Information provided:
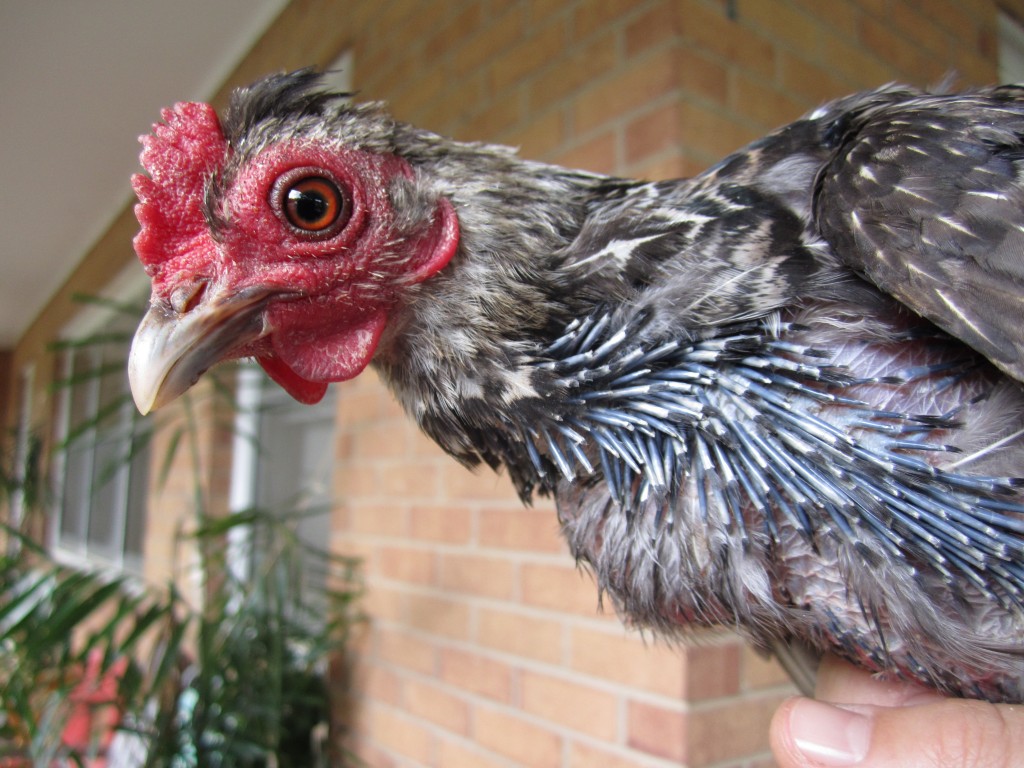 bren's feathers begin to return on her neck and chest...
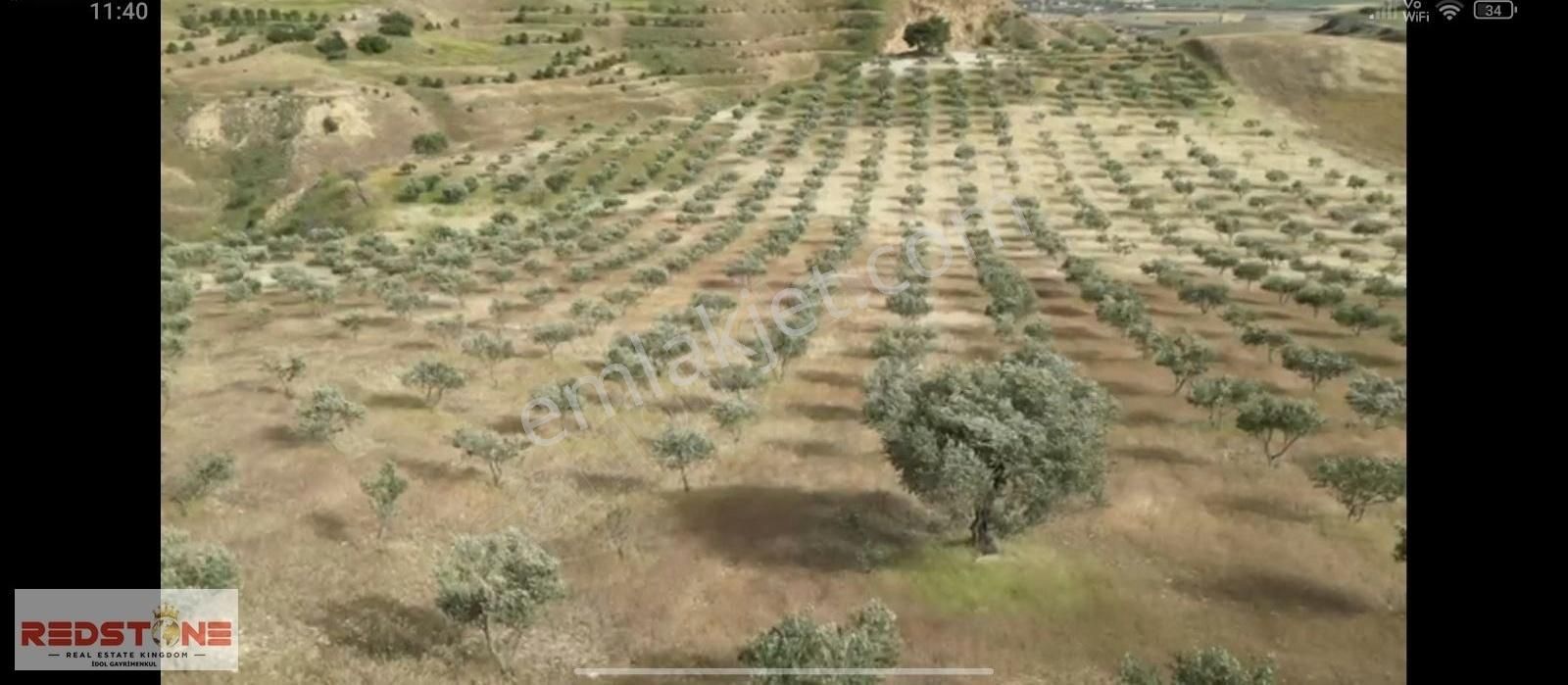 Redstone İdol'den Sarayköy'de 42 Dönüm Zeytinlik - Görsel 6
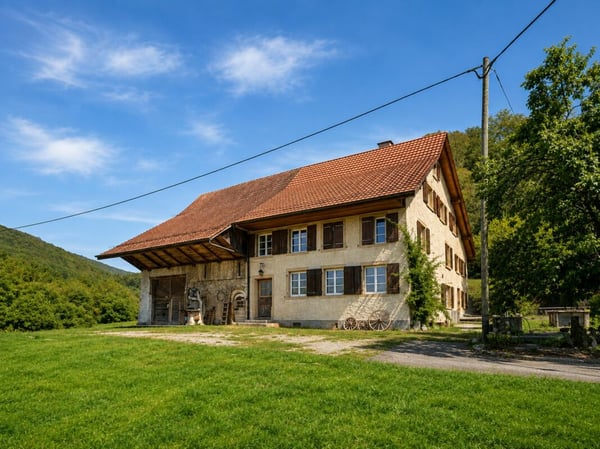 Bauernhaus Renovationsobjekt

Problem details:
The response should be the full material, repeated exactly, with images removed.

Answer to this problem:
 bren's feathers begin to return on her neck and chest...
 Redstone İdol'den Sarayköy'de 42 Dönüm Zeytinlik - Görsel 6
 Bauernhaus Renovationsobjekt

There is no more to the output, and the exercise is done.